A 10-year-old boy donned a baseball uniform and nervously walked to his position on the field. Stenciled across his jersey were the words: Pima Sheriffs, the sponsor of one of the many teams that summer which participated in the mid-town Randolph Park Little League.
And so it began on that hot summer day in Tucson, the start of the Price family's obsession with baseball. Of course that boy was yours truly, all glove and no hit Danny Price. That's right. I could catch everything, but putting wood on the ball as a 10 year old just wasn't my thing. I couldn't hit my way out of a paper bag. I remember batting eighth, walking a lot, stealing bases, and sliding, of course.

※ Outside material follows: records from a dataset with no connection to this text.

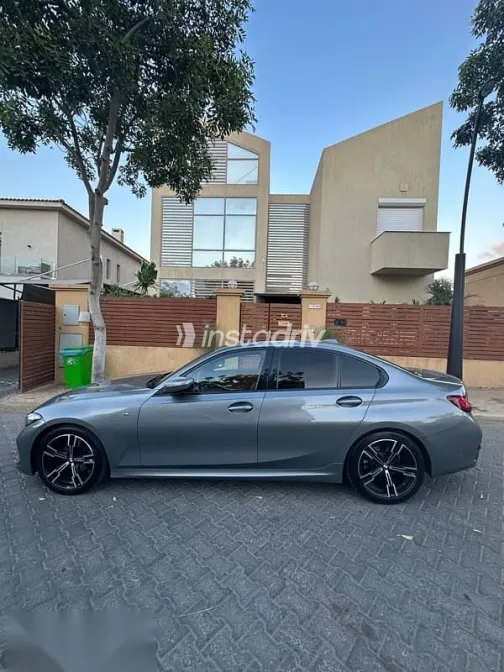 بي ام دبليو 320 2023 رمادي مستعملة للبيع - 4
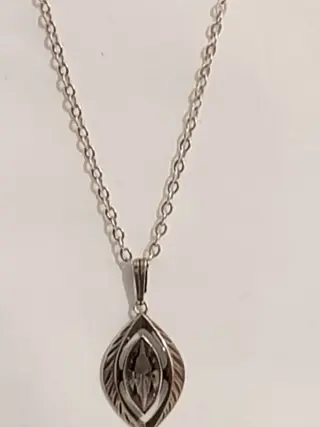 Lang zilveren schakel collier ca 60 cm waaraan een ovaal gevormde zilveren hanger met een geslepen - 835 Zilver - Collier met hanger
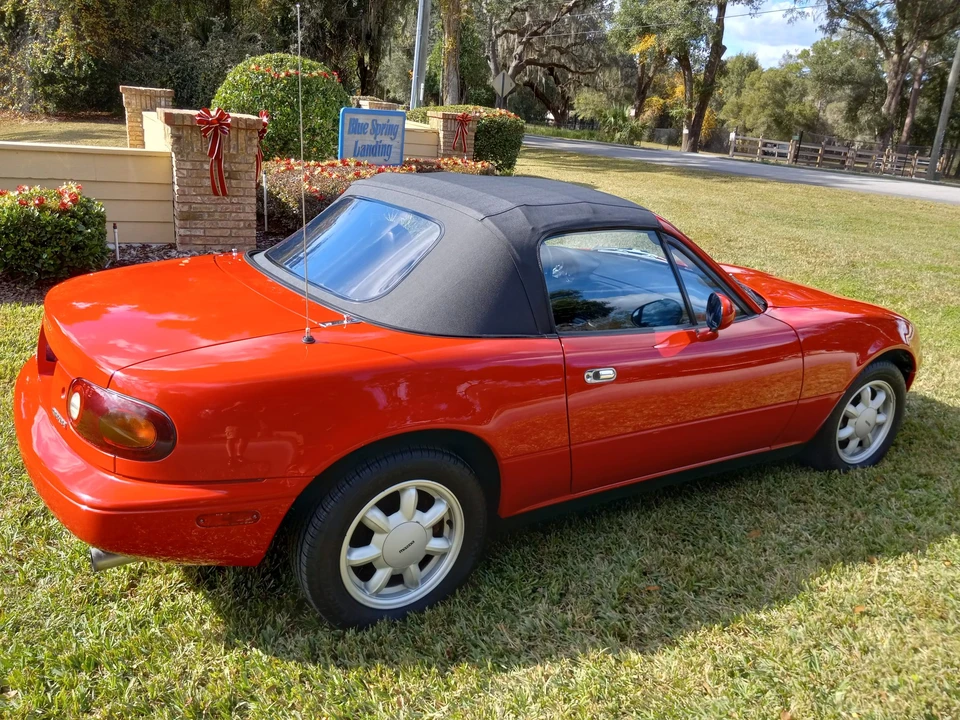 1991 Mazda NA MX-5 Miata - Image 11 of 31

I loved to slide. Feet first, head first, hook slide, you name it. But hit, no way. That would come a few years later. Now fast forward from the 1950s to the mid 1970s, and you would find my two sons, Michael and Daniel, sending walls of dirt to the outfield as they ran and slid their way around the bases on a Little League team, on a beautiful, balmy summer day on the outskirts of Denver, Colorado.
They hit better than the old man. And they could field and throw with the best of them. Then came the year 2010 and my oldest grandson, Daniel, pitched and hit his way to stardom on his Colorado Little League team in a small, quiet town called Parachute, just 25 miles east of Grand Junction.
I few years later, at the age of 18, Daniel had to give up the game for a while after being hit in the head during a high school game. He finished the season as the team manager. He returned to the playing field the following year.
It was a scary moment for the Price family.
We now move on to June, 2014.
It is another hot, summer day in Tucson. Another day for Little League teams to hit the playing field. And yet, another member of the Price clan suits up and takes the field. This time it is grandson Jadon Price -- pitcher, shortstop and center fielder for the Thornydale Little League Orioles.
Grandpa is now on the sidelines, 69 years young, and his son, my goodness, will hit the age of 50 in late November, and is the assistant coach of the playoff-bound Orioles. Jadon is batting .426 and is a sure bet to make the All Stars, which will extend his sixth season in organized baseball into July.
It is a sure bet that in the year 2025 a few more ball players from the Price clan will hit the field once again. It's a sure bet that they'll all hit better than their Grandpa Dan.